▶ [Instructions to follow]:
Reproduce the entries exactly and omit the pictures.

▶ [Records to use]:
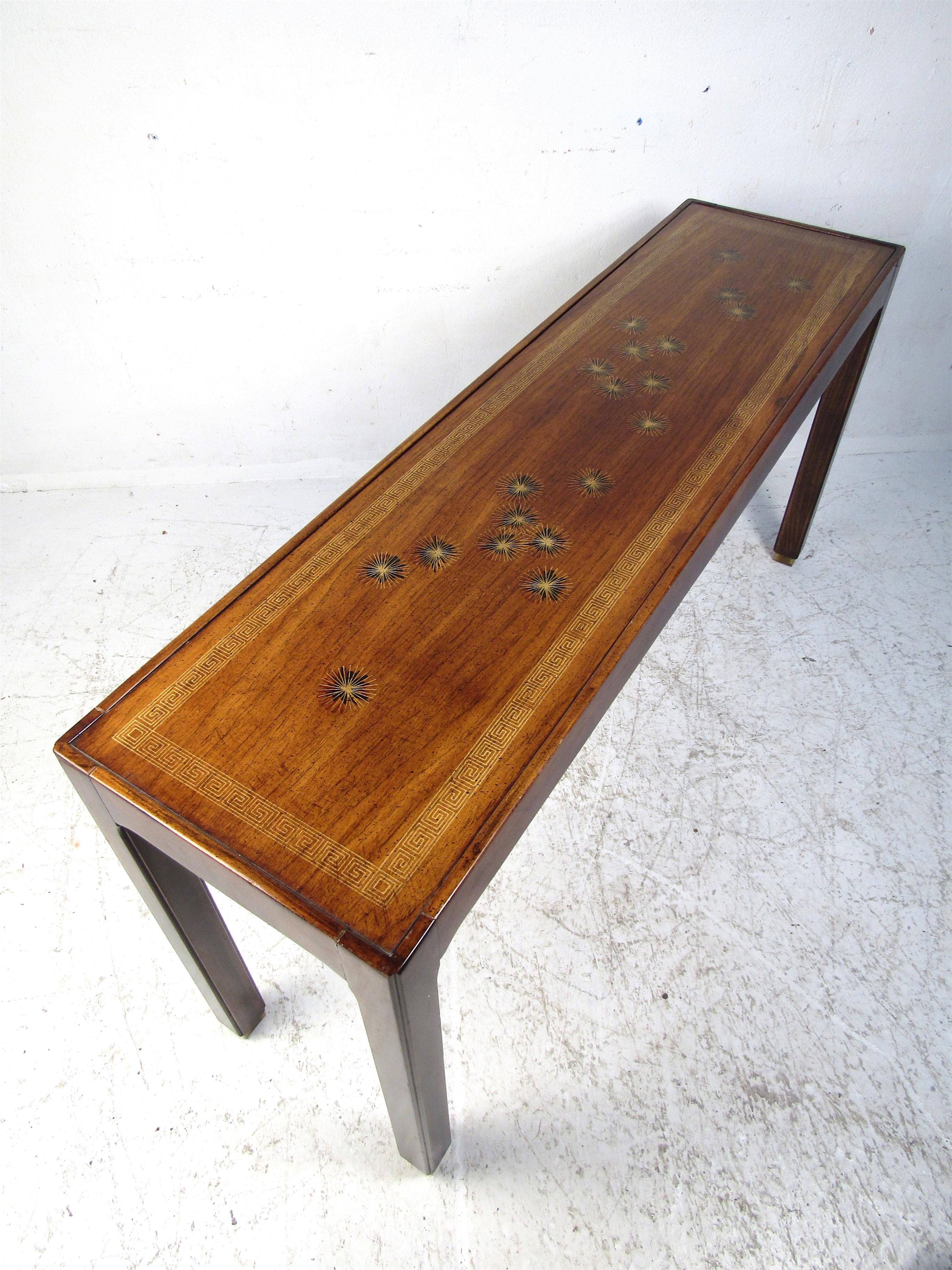 Midcentury Dark Wood Console Table 2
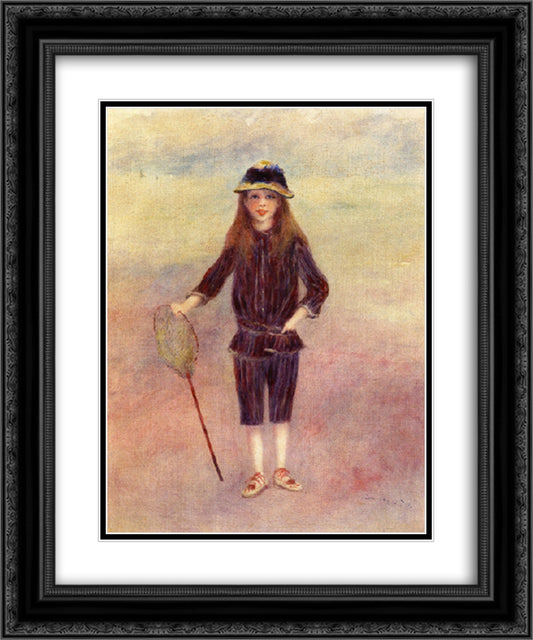 The Little Fishergirl 20x24 Black Ornate Wood Framed Art Print Poster with Double Matting by Renoir, Pierre Auguste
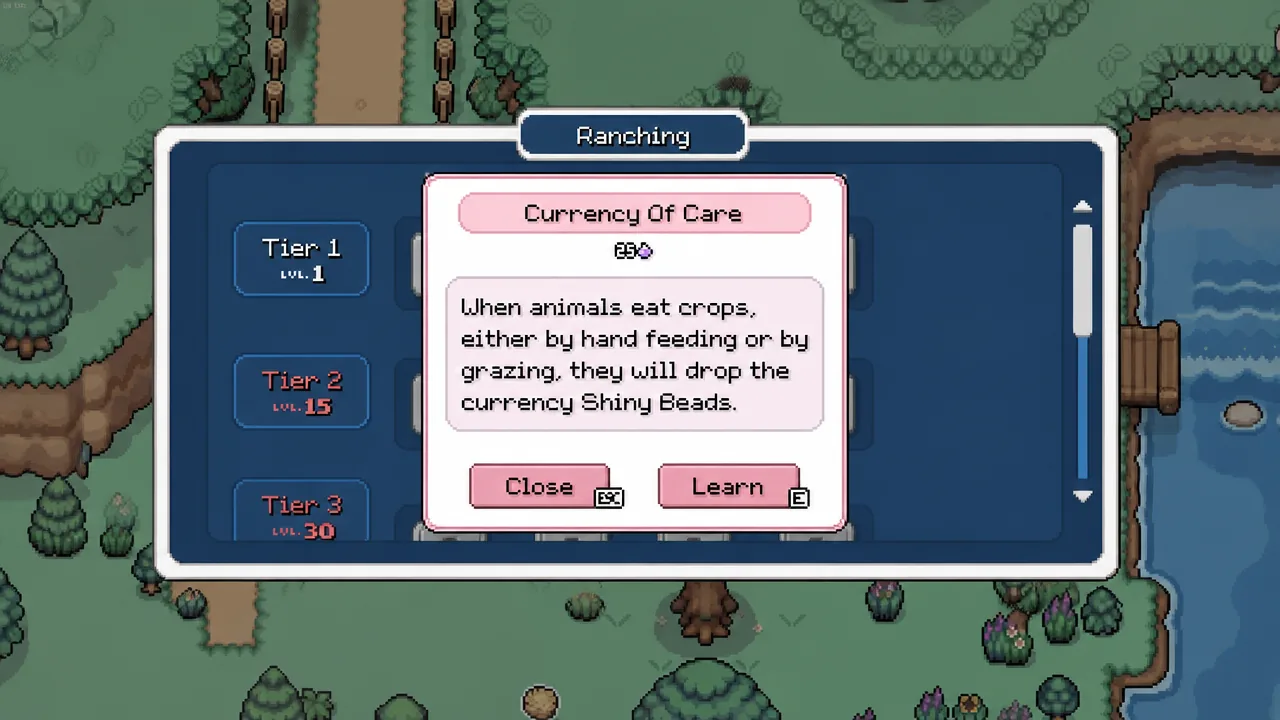 Ranching skill menu with Currency Of Care selected and the Learn button available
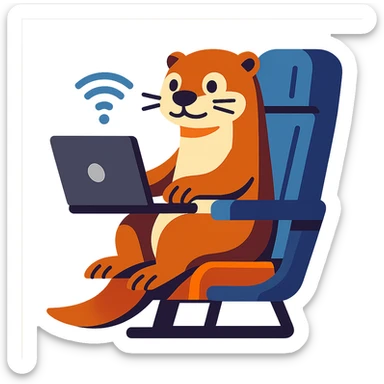otter with laptop connected to wifi sitting on an airplane seat, vibrant toon style sticker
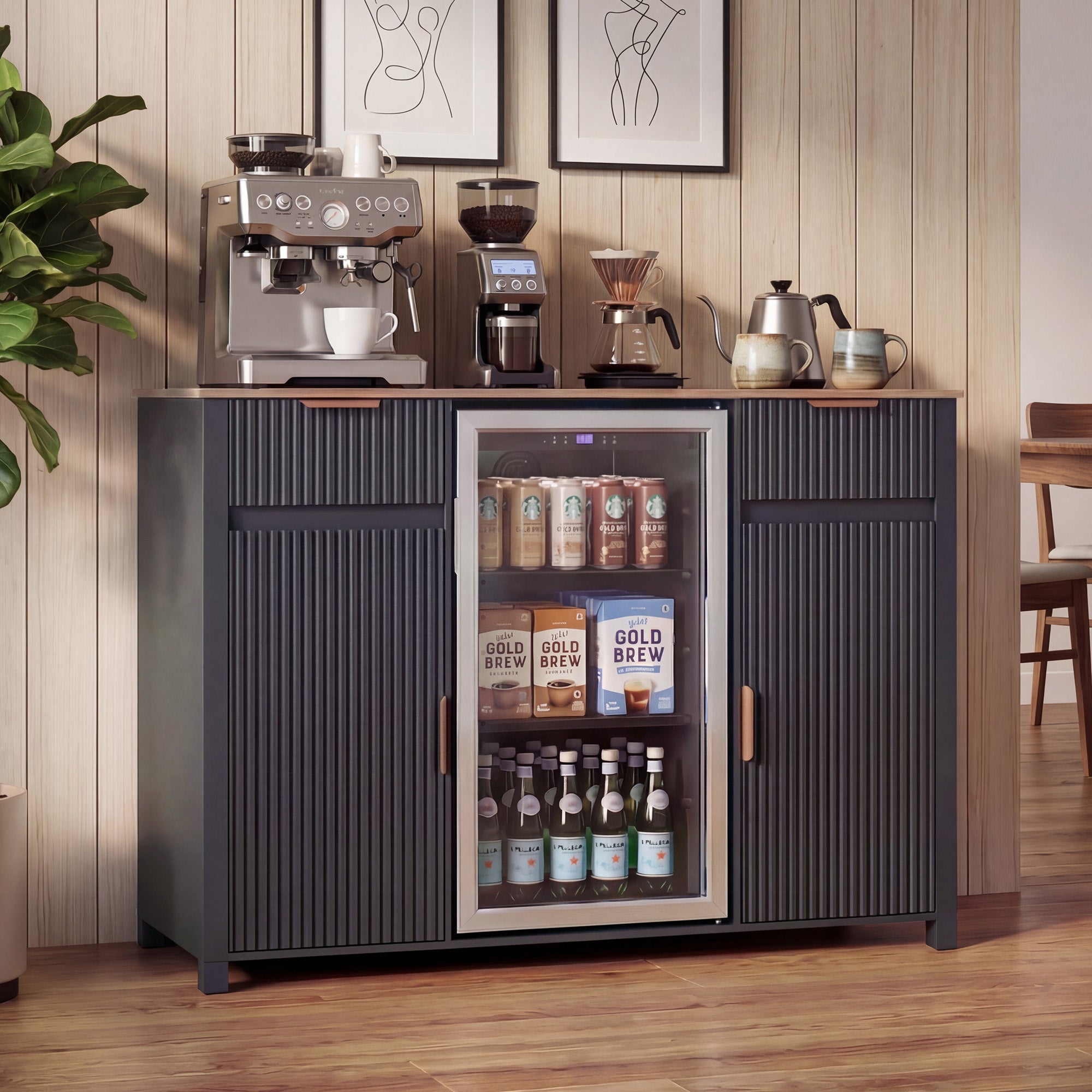 HOMREST 53" Large Coffee Bar Cabinet with Fridge Space & Power Outlet, Mini Fridge Cabinet with Drawer & Door Storage, Wine Bar & Buffet Sideboard for Kitchen and Dining Room, Liquor Cabinet, Black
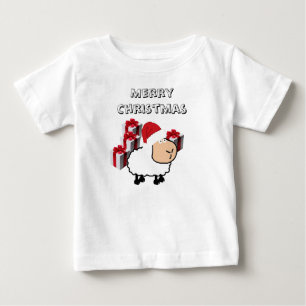 Funny whimsisisissies niedliches Weihnachtsschaf Baby T-shirt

▶ [Answer section]:
 Midcentury Dark Wood Console Table 2
 The Little Fishergirl 20x24 Black Ornate Wood Framed Art Print Poster with Double Matting by Renoir, Pierre Auguste
 Ranching skill menu with Currency Of Care selected and the Learn button available
otter with laptop connected to wifi sitting on an airplane seat, vibrant toon style sticker
 HOMREST 53" Large Coffee Bar Cabinet with Fridge Space & Power Outlet, Mini Fridge Cabinet with Drawer & Door Storage, Wine Bar & Buffet Sideboard for Kitchen and Dining Room, Liquor Cabinet, Black
 Funny whimsisisissies niedliches Weihnachtsschaf Baby T-shirt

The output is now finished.